E na sua escola, pode ou não pode usar celular?

A discussão é boa e muito, muito salutar de ser feita em todas as escolas públicas ou privadas. Os gestores precisam estar atentos a essa questão. Conhecer os argumentos contrários e a favor desse uso é importante. E, se julgar necessário, discutir, debater com a comunidade escolar pode ser um bom caminho, também. Mas, claro, a decisão é feita pela escola e deve ser tomada de acordo com os princípios pedagógicos defendidos pela instituição.

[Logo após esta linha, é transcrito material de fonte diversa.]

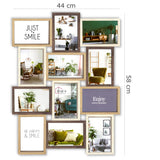 1 x RAW Customer Returns HAES DECO - Alvesta Wood Gallery Multi Photo Frame Multiple Wall Photo Frame in Brown Tones for 12 Photos 10x15 Dimensions 44 x 58 cm - MP164 - RRP €43.44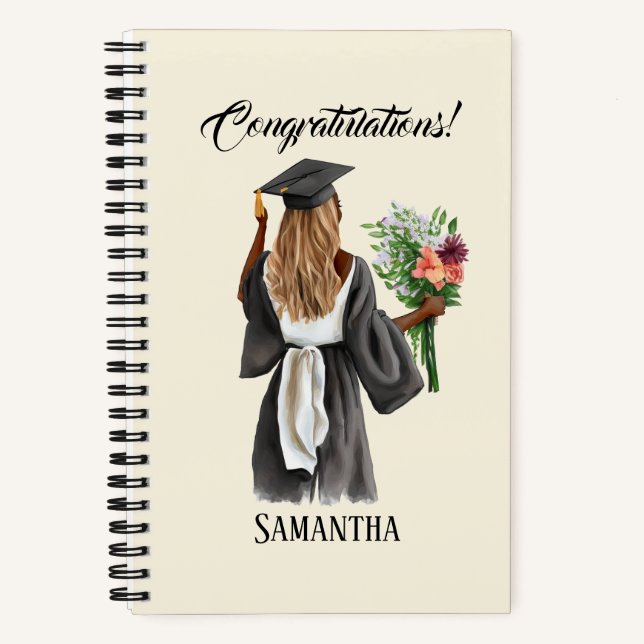 Personalised Watercolor Graduation (13) Notebook (Front)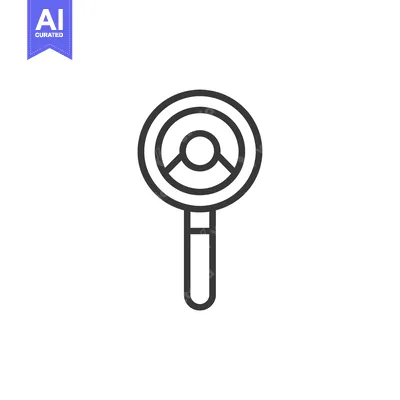 Aset desain premium: Line art icon depicting a magnifying glass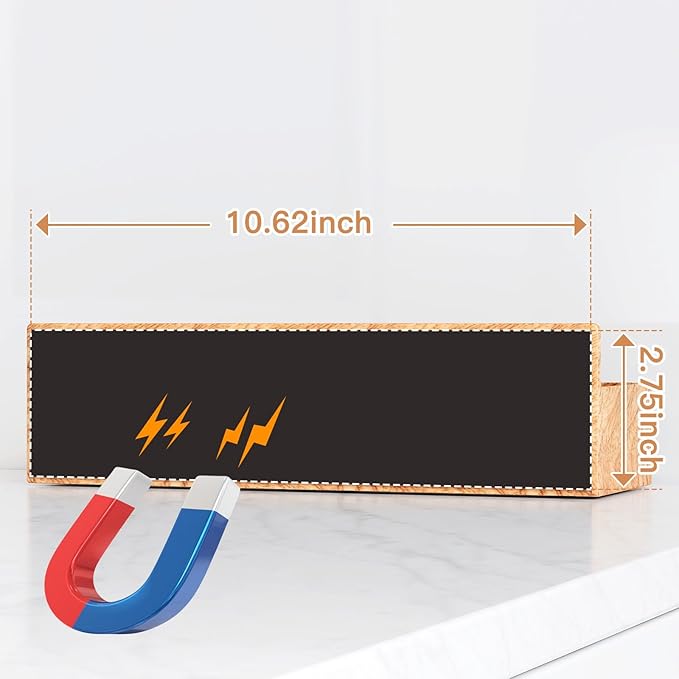 Magnetic Spice Rack for Refrigerator, Kitchen Organizer and Storage Shelf, Woodgrain (4 Pack)…-Ruum Studio Home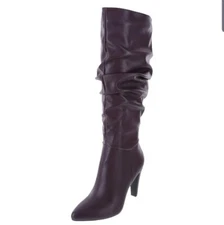 Christian Siriano Women's Maerys Black Violet Tall Slouch Boots Medium  
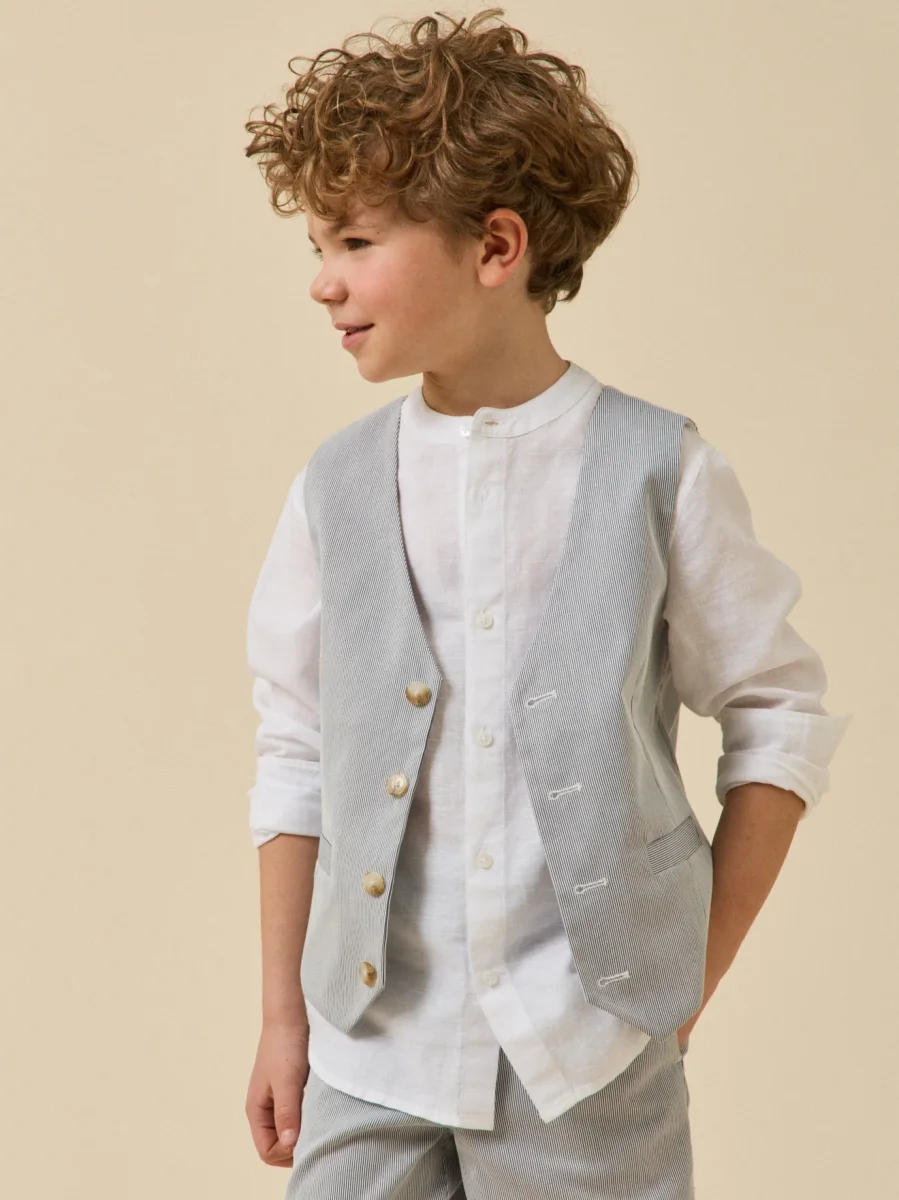 Gilet de costume rayé Garçon – Collection Fêtes et Mariages – Image 2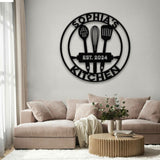 Custom Name Metal Kitchen Sign with Led Light, Kitchen Decor, Name Kitchen Sign, Farmhouse Kitchen Decor, Cooking Gift for Grandma Mom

Acesso a todos é importante

Nos que defendem o uso do celular em sala de aula, um ponto é sempre importante: lembrar que vivemos em um país enorme e desigual. Portanto, nem todos os alunos têm a mesma realidade socioeconômica. Na prática, em uma mesma sala de aula, seja de escola pública ou privada, haverá alunos com acesso a celular e demais tecnologias e haverá outros que não terão esse acesso. E se a sua escola libera o uso do celular em sala de aula, você gestor, você professor precisa estar atento a essas diferentes realidades.

“Lembrando que a escola que permitir, liberar esse uso em sala de aula vai precisar promover internet para todos. É preciso estar atento sempre. Esse olhar atento e humanizado para o momento da utilização do aparelho precisa ser uma constante”, defende a psicóloga Cláudia.

Da mesma maneira, o professor Marco afirma: “Caberá à docência lidar com a desigualdade digital, jamais ignorá-la ou se render a ela. No Brasil muitas crianças vivem na precariedade socioeconômica, não têm acesso a smartphones e a conexão 4G, 5G. Em uma turma de 30 ou 40 estudantes, metade ou mais da metade deles podem ser de excluídos digitais. Nesse caso, fica comprometida a liberação do smartphone para o tratamento de qualquer conteúdo curricular. Ainda assim, será preciso não abolir seu uso didático. Se dez alunos de uma turma de quarenta indivíduos dispõem do aparelho conectado, a docência poderá formar dez grupos de quatro integrantes. Isso permitirá o uso compartilhado do dispositivo móvel durante as aulas, permitirá que os alunos trabalhem em grupo, ajudem uns aos outros e compartilhem recursos. Permitirá a experiência de uso didático e cidadão a toda turma”.